前回の記事に引き続き、単回帰の勉強です。

今回用いたコードはGithub上にもあげています。

 

目標

 

損失関数の理解を深め、最小二乗法以外の方法を用いて単回帰分析をする。

 

RMSE

 

今回は損失関数に平均自乗平方根誤差を用いています。

 

データの数:n
真の値: y
予測した値: f

 

RMSE = \sqrt{\frac{1}{n}\sum_{k=1}^{n}(f_{i} - y_{i})}

 

標準偏差とほとんど同じような式ですね。

 

他によく使われるものに平均自乗誤差というのもあり、平方根を取るかどうかの差があります。
平方根を取ることによって単位を元の統計値と同じにすることができます。

 

勾配降下法とは

 

機械学習では、目的関数を定義して、その値が最小になるようにパラメータを更新して最適なパラメータを決定します。
このパラメータの更新時に使われる一つの手段に勾配降下法というのがあります。

 

適当な初期値を決め、そこから手探りで目的関数を最も小さくするパラメータを探ります。
訓練データから一つ選んで微分してもっとも傾きが急な方向に進む、また一つ選んで傾きが急な方向に進むというのを繰り返します。

 

一口に勾配降下法と言っても主に使われるものに

  • 最急降下法
  • 確率的勾配降下法
  • ミニバッチ確率的勾配降下法

などがあります。

超わかりやすいので詳しくは以下のサイトを参考にして下さい

 

【参考】
確率的勾配降下法とは何か、をPythonで動かして解説する – Qiita
勾配降下法ってなんだろう – 白猫のメモ帳
ロジスティック回帰 (勾配降下法 / 確率的勾配降下法) を可視化する – StatsFragments

 

大まかな手順は、以下のような感じになります。

  1. 適当に初期点を選ぶ
  2. 現在地における最急降下方向を計算する
  3. その方向に進む
  4. 2,3を繰り返す

 

最急降下法

 

全ての出力を用いてパラメータの更新度を決めます。

 

メリット

 

  • 単純

デメリット

 

  • すべての誤差の合計を取ってから更新するので、学習データが多いと計算コストが大きくなる
  • 1つのデータが増えるたびにすべてのデータを計算し直さないといけない(オンライン学習ができない。
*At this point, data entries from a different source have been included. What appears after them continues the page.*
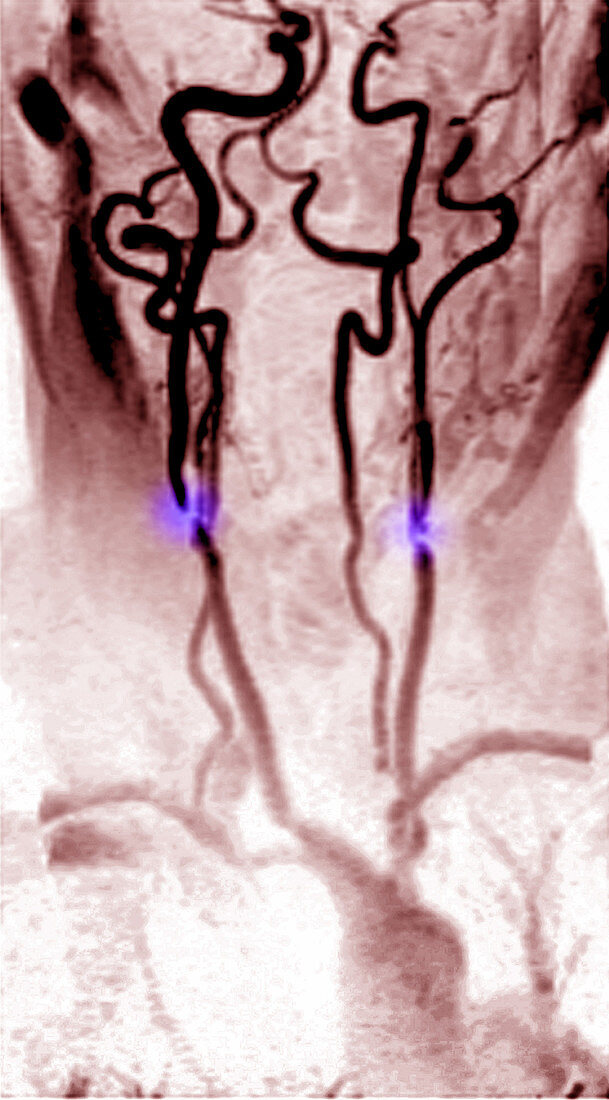 Stenosis of the Internal Carotid Arteries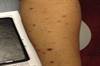 Derm Dx: A pruritic eruption on the arms and trunk Derm Dx: A pruritic eruption on the arms and trunk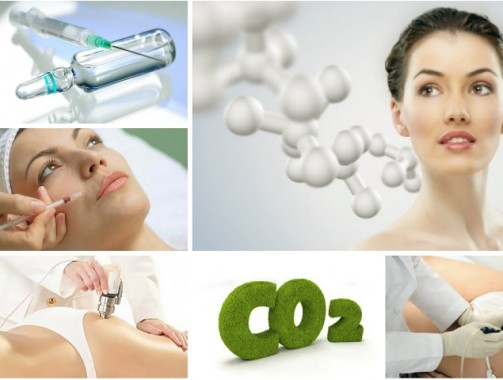 Карбокситерапия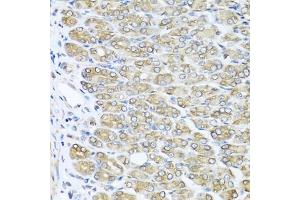 Immunohistochemistry of paraffin-embedded mouse stomach using RAC2 antibody (ABIN5970487) at dilution of 1/100 (40x lens). (RAC2 抗体)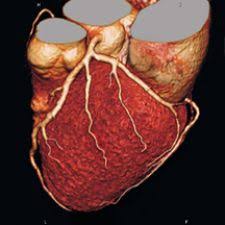 128 Slice Sets Bar For Triple Rule Out Imaging Technology News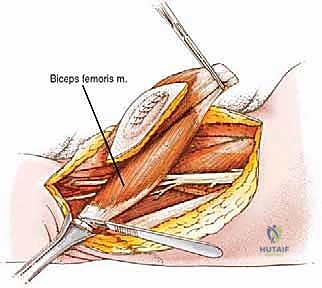 صورة توضيحية لـ استئصال ساركوما الفخذ الخلفية: دليل شامل لمرضى الأستاذ الدكتور محمد هطيف في صنعاء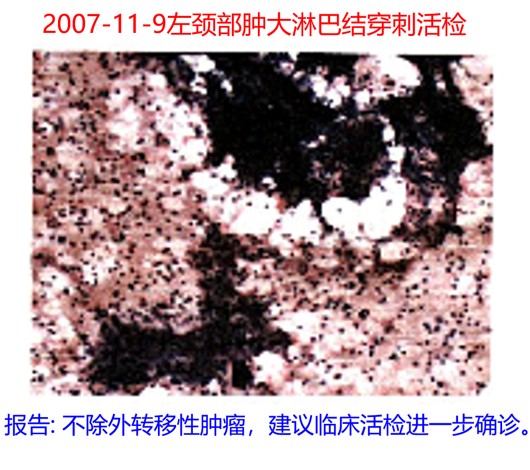 2007-11-9颈部淋巴结活检.jpg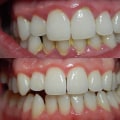Can you stop gum disease once it starts?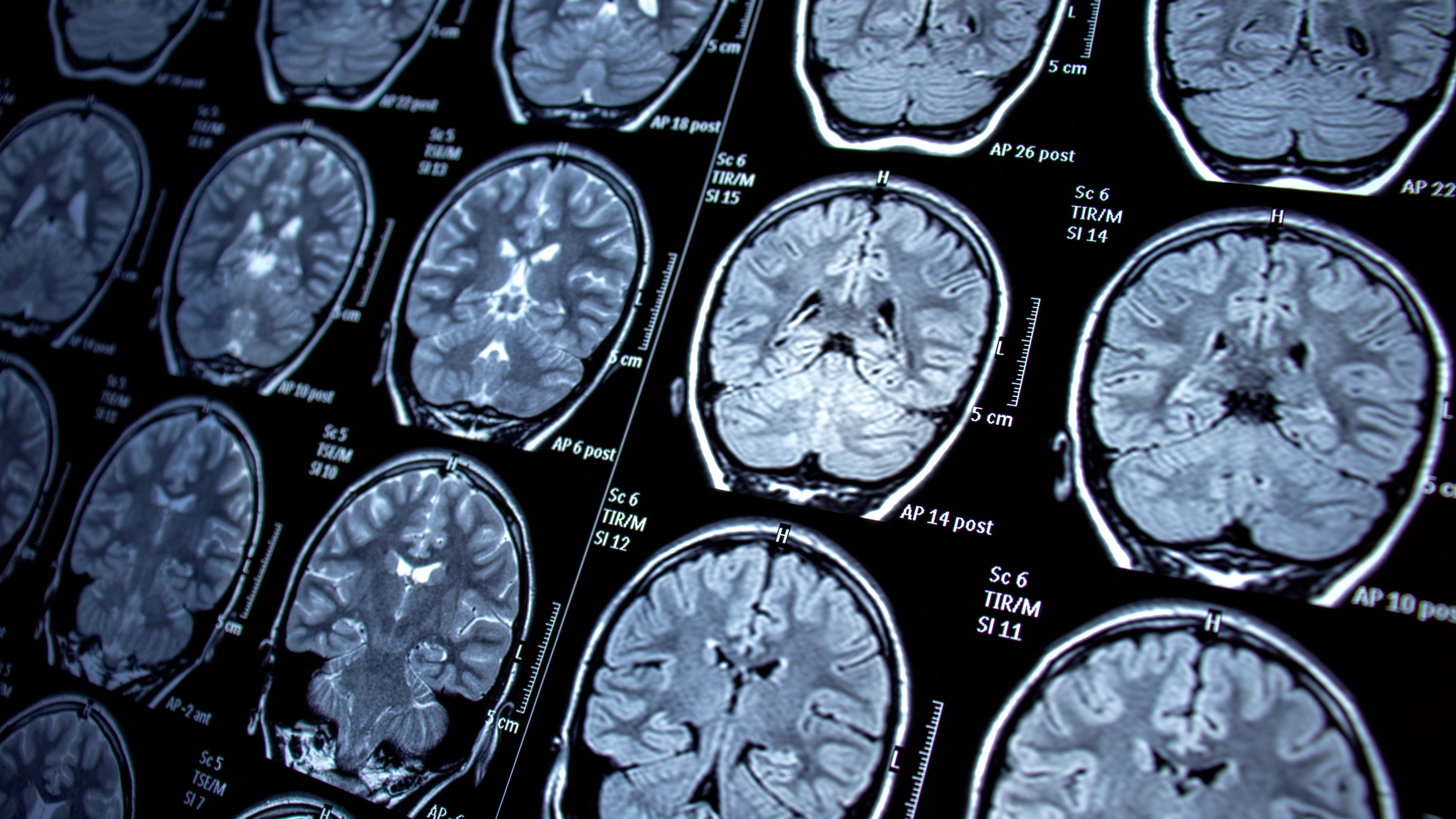 USC: Small molecule drug may prove effective in treating cancerous brain tumor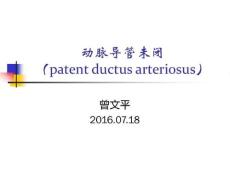 动脉导管未闭12626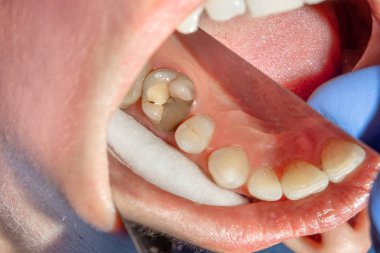 iki çürük tedaviden sonra üst çene yan dişlerin çiğneme. Dolgu lastik baraj sistemiyle Fotopolimer çiğneme yüzeyle restorasyonu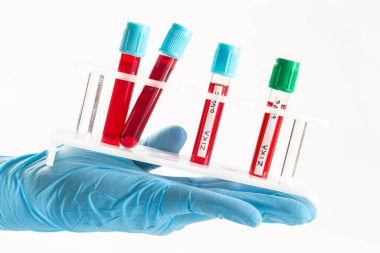 Zika virus analysis isolated on white background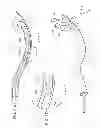 Fig. 43 - Surgical instrument for manipulating and passing suture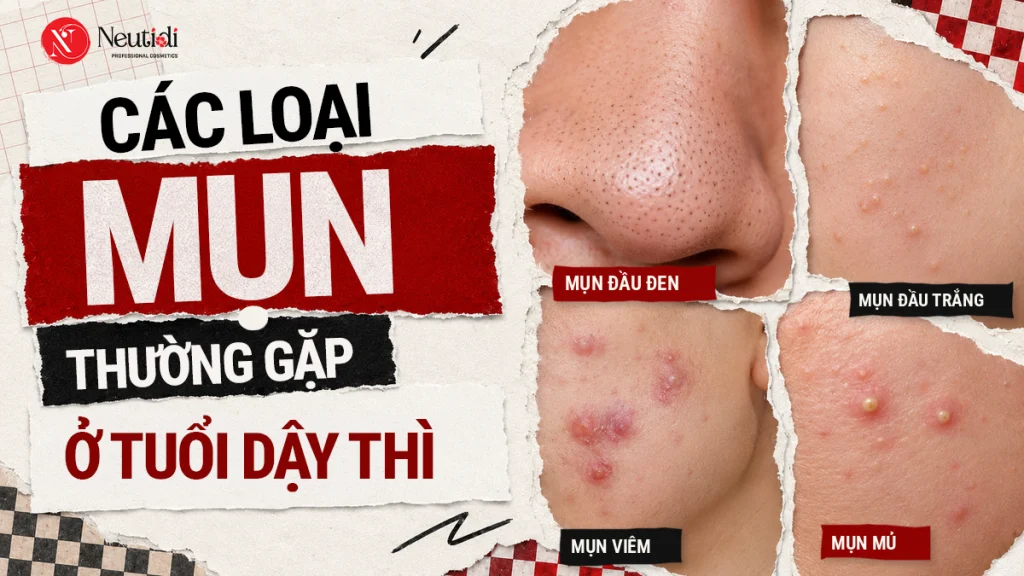 Nhận diện 6 loại mụn thường gặp ở tuổi dậy thì & Cách xử lý 1 Các loại mụn thường gặp ở tuổi dậy thì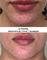 ULTRAPEEL | пилинг УЛЬТРА  против акне и розацеа SKINCOUTURE | до после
)
  • 最小化する目的関数が常に同じなので、間違った局所解に1度入り込んだが最後、二度とそこから抜け出せない

 

確率的勾配降下法(SGD)

 

注意としては重回帰などのように変数が複数ある時は、
変数によって取る値域が異なると、学習がうまくいかないのでそんなときはスケーリングをすると良いらしいです。

 

【参考】
Coursera Machine Learning (2): 重回帰分析、スケーリング、正規方程式 – Qiita

 

メリット

 

  • 1つの学習データだけで更新するので、学習データが増えても耐える
  • 最適解にたどりつきやすい
  • オンライン学習ができる
  • そこそこの結果が欲しければ速い

 

デメリット

 

  • 最適解にたどりつくまでに時間がかかることがある
  • 例外データに引っ張られやすい(前処理が重要!)
  • 厳密な最適解が欲しい場合は時間がかかる

 

ミニバッチ確率的勾配降下法

 

上2つの良いとこ取りで、一部の出力を使ってパラメータの更新度合いを決めます。
これによってより多くのデータを使いながらもオンライン学習をすることができます。

 

ただ、ミニバッチのサイズを大きくしすぎると、確率的勾配降下法の良さを損なうことになるので注意です。

 

実装

 

コードの一部を掲載します。

 

 

結果

 

ハイパーパラメータを以下のように設定して実行してみました。
全然学習が上手く行っていないことがわかります
learning_rate = 0.05
batch_size = 100
epoch = 1000

 

y = 2.48720455 * x + 19.91344643
Loss = 55.4958

 

次に、ハイパーパラメータを以下のように設定して実行してみました。
割とうまく行っています。
learning_rate = 0.01
batch_size = 200
epoch = 100000

 

y = -2.45794249 * x + 134.38780212
Loss = 23.769

 

さいごに

 

今回はTensorFlowの勉強の為に、わざわざTensorFlowで実装してみましたが、
やはりこの辺のシンプルな機械学習だとscikit-learnで実装するのと比べるとちょっと手間がありますね。